*What you need to do:* Return exactly the lines of the records below, starting at the line that contains "Several Canadian Armed" and ending at the line that contains "Military personnel in", with both of those lines kept.

*Supplied records:*
== == ==

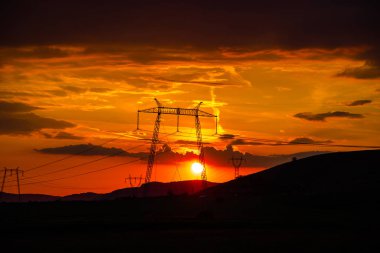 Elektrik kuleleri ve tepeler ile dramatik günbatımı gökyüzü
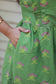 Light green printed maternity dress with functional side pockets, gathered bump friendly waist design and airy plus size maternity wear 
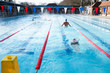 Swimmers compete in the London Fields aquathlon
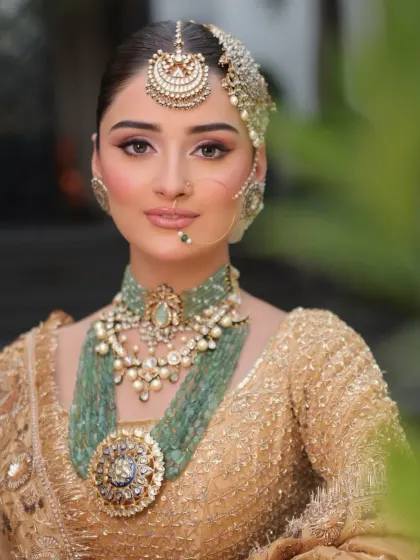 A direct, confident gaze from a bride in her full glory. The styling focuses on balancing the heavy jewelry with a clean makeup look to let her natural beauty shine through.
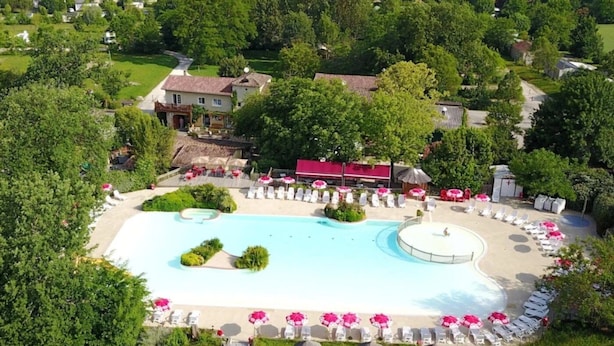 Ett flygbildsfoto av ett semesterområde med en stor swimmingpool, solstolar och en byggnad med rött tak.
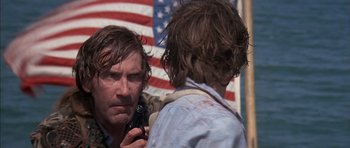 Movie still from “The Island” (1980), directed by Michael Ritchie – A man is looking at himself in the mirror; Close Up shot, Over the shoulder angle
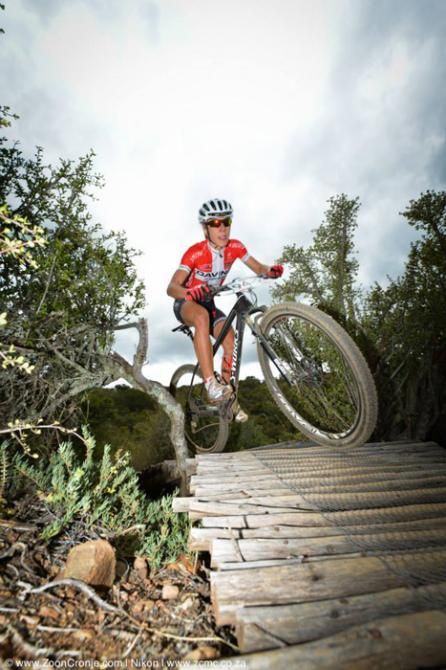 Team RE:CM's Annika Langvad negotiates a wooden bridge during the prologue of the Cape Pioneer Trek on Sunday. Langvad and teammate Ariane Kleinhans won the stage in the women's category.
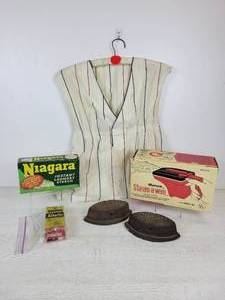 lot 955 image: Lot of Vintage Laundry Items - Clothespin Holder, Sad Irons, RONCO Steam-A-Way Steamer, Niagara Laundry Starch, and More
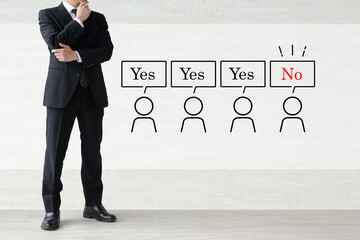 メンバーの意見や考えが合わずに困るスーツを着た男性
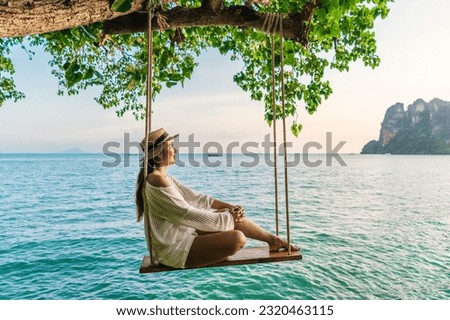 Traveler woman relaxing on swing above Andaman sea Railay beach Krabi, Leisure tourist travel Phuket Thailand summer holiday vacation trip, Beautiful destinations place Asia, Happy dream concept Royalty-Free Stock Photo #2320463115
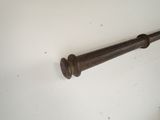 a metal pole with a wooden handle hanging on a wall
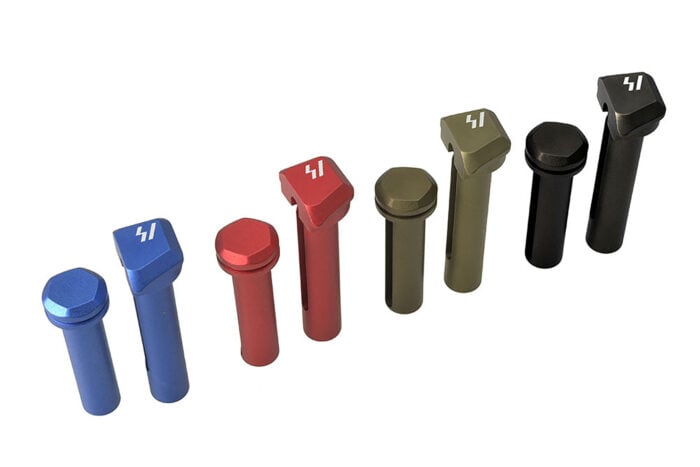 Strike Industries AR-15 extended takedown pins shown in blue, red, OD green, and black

== == ==

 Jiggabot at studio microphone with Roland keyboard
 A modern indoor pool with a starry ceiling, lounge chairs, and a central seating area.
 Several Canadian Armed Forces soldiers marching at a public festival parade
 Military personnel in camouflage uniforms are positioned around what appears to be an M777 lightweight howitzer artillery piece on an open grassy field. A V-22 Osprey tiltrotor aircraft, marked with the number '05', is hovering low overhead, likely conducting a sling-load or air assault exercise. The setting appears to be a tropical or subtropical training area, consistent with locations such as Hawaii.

== == ==

*Reply to the exercise:*
 Several Canadian Armed Forces soldiers marching at a public festival parade
 Military personnel in camouflage uniforms are positioned around what appears to be an M777 lightweight howitzer artillery piece on an open grassy field. A V-22 Osprey tiltrotor aircraft, marked with the number '05', is hovering low overhead, likely conducting a sling-load or air assault exercise. The setting appears to be a tropical or subtropical training area, consistent with locations such as Hawaii.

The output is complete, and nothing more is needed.